Florence Bauer também alerta sobre “o risco de perder uma geração”. A especialista ressalta, principalmente, a parcela de adolescentes que se distanciou da comunidade escolar. “Mesmo antes da pandemia, havia 1,7 milhão de crianças e adolescentes fora da escola e uma grande parte são adolescentes. Só uma parte [dos que já estudavam] conseguiu ter acesso a um tipo de educação, mas uma parte não tem nem acesso à internet. [A adolescência] é uma fase de vida que esse vínculo é fundamental para o desenvolvimento”, afirma.
Segundo ela, as escolas terão que se empenhar na busca ativa pelas crianças e adolescentes para uma integração e inclusão fluida, que respeite a situação de cada um.
No programa de domingo, a especialista em políticas sociais lembrou que, ao longo desse período de fechamento das instituições de ensino, profissionais da área tiveram que se adaptar rapidamente ao modelo de ensino à distância. Para essa continuidade dos estudos foi fundamental o acesso à rede de internet. Mas, no Brasil, mesmo antes da pandemia, a exclusão digital já era uma realidade que ganhou proporções mais graves no atual momento.
Quase cinco milhões de crianças e adolescente entre 9 e 17 anos não têm acesso à internet no país. “Mais do que nunca a gente entendeu as consequências dessa exclusão digital. Nesta situação de pandemia, cada um de nós dependemos muito do acesso à internet, para ter acesso a qualquer tipo de informação”, destacou a representante da Unicef no Brasil.
A situação é ainda mais delicada quando se considera que, entre os que têm acesso, nem todos conseguem utilizar as redes com facilidade e volume de dados suficientes. Bauer reconhece que há um movimento generalizado em busca de melhorias neste setor e cita as negociações com empresas de telecomunicação e debates sobre leis de acesso a fundos de recursos que poderiam ser utilizados para ampliar essa infraestrutura no país. “Tem uma série de movimentações acontecendo mas é preciso que elas se concretizem. É o momento de dar um passo radical para oferecer esse pacote mínimo [de acesso de dados] a todas as crianças e adolescentes, sobretudo os mais vulneráveis, como uma forma de buscar a inclusão digital”, defendeu.

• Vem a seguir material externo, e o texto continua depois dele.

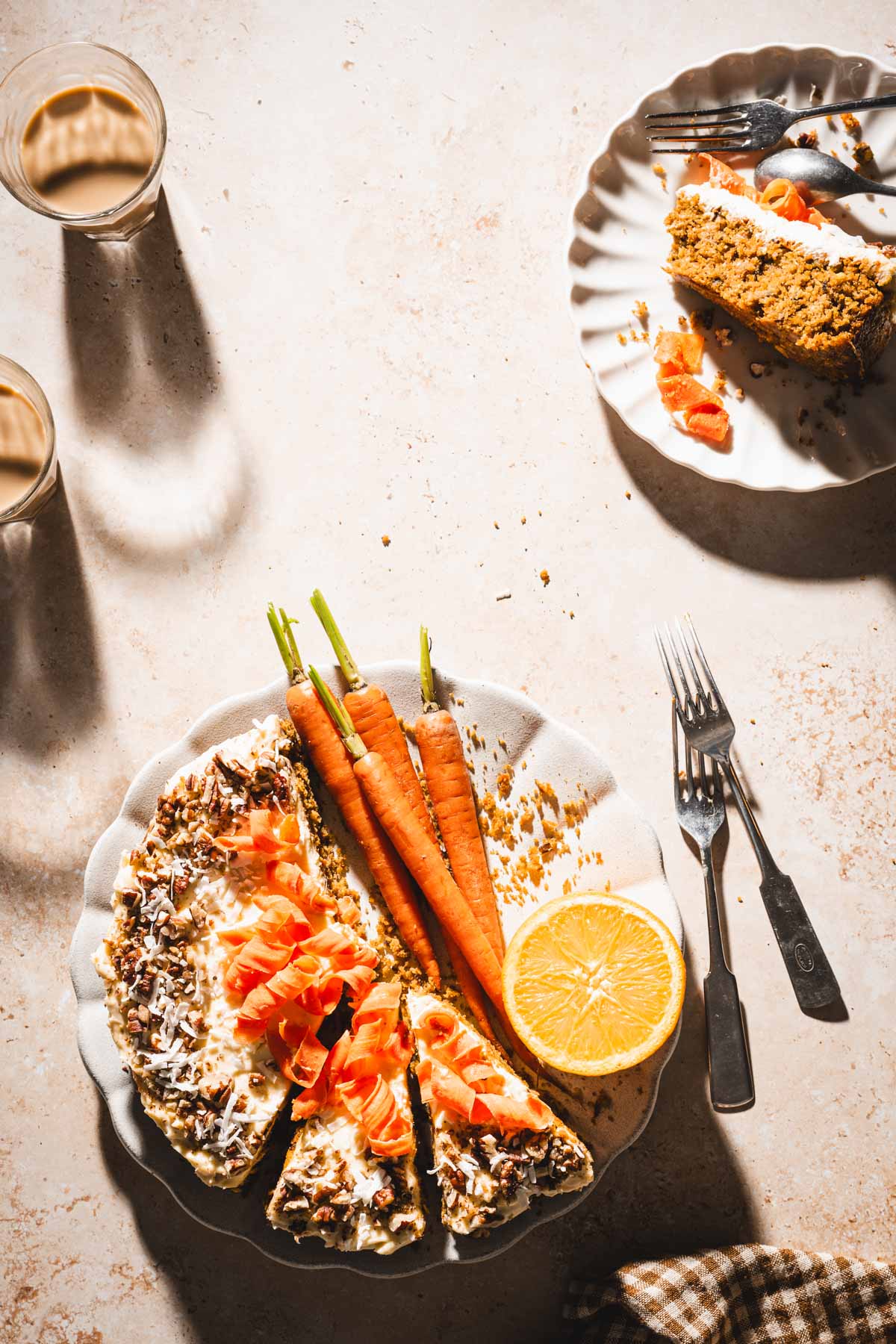 cake on a serving plate, fresh carrots, two glasses with coffee, two forks, plate with a slice of cake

Bauer aposta que a crise global vai provocar uma revisão de padrões de ensino e uma combinação de modelos. “Estamos em uma oportunidade única para fazer mudanças profundas que talvez não conseguiríamos fazer em situações normais. Nosso desafio é aproveitar o momento para repensar a educação e ter uma combinação da educação presencial e à distância”, defendeu.

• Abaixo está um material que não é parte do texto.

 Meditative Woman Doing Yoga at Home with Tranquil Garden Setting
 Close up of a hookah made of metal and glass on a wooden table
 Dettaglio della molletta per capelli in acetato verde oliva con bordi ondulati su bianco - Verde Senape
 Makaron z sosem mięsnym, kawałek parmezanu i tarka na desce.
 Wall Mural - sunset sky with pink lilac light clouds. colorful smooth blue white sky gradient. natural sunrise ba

O acesso à educação é um dos principais direitos previstos no Estatuto da Criança e do Adolescente (ECA), que completou 30 anos em julho, sendo apontado, pela representante do Unicef, como uma das legislações mais sofisticadas do mundo e que coleciona avanços significativos ao longo dessas três décadas.

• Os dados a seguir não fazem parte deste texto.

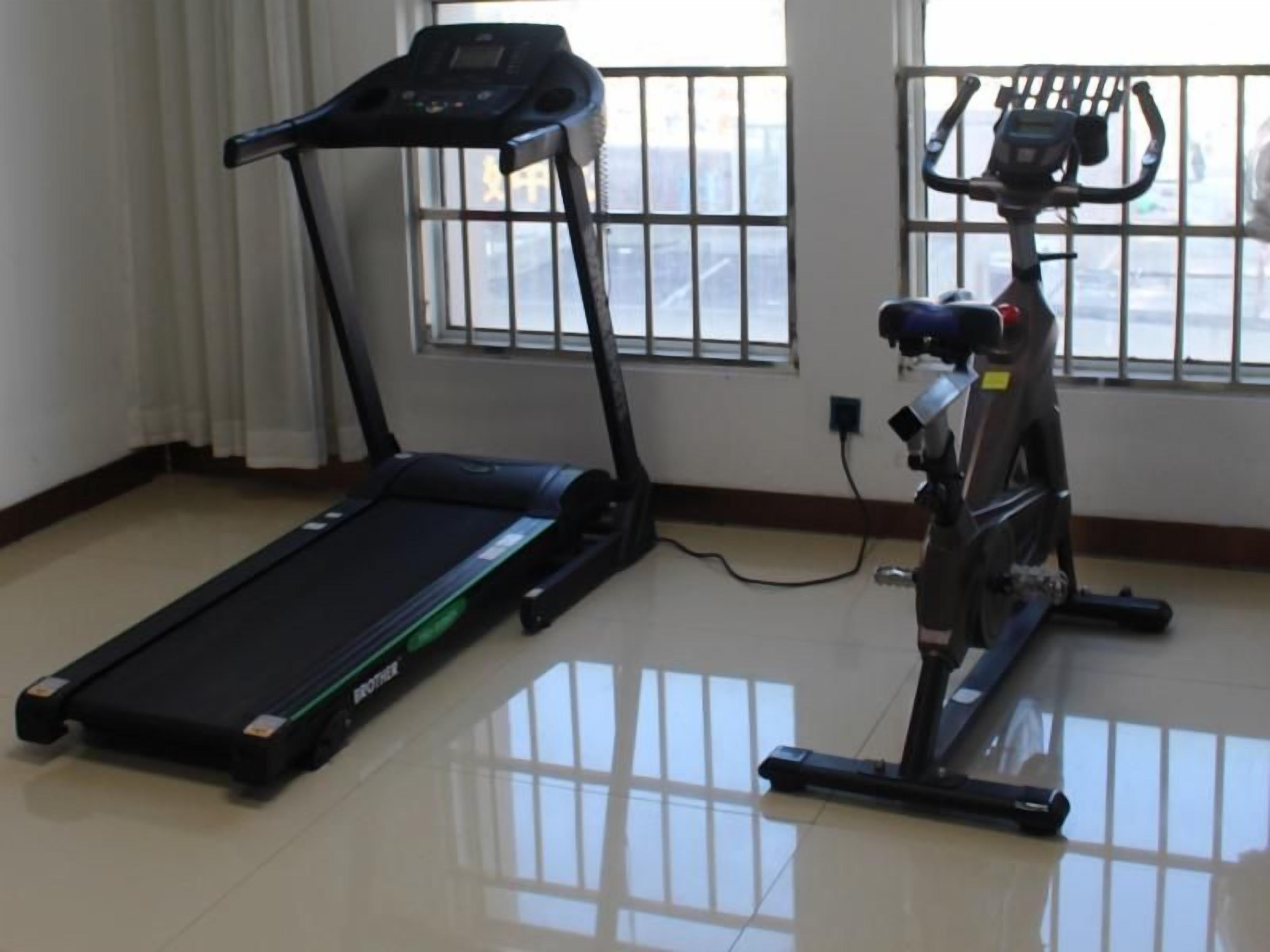 A room with a treadmill and an exercise bike.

Na lista de conquistas elencada por Bauer está a redução de mais de 70% da mortalidade infantil, em decorrência de medidas como reforço do Sistema Único de Saúde (SUS), aumento dos níveis de imunização por vacina e campanhas de promoção do aleitamento materno e acompanhamento pré-natal. Outro dado é a retirada de quase cinco milhões de crianças e adolescentes do trabalho infantil.
Florence ainda lembra que, antes da implementação do ECA, 20% das crianças não iam para escola. “Isto passou a 5% e, ao mesmo tempo, o Brasil aumentou o número de anos de escolaridade obrigatória”, comemorou. Mas, com a fragilização inevitável de alguns direitos neste momento de pandemia, a especialista defende um esforço redobrado. “O fundamental é colocar as crianças e adolescentes no centro das políticas públicas. Mais do que nunca é fundamental aplicar o princípio da prioridade absoluta. Investir mais em educação, saúde e prevenção da violência para consolidar os avanços conquistados até agora”, concluiu.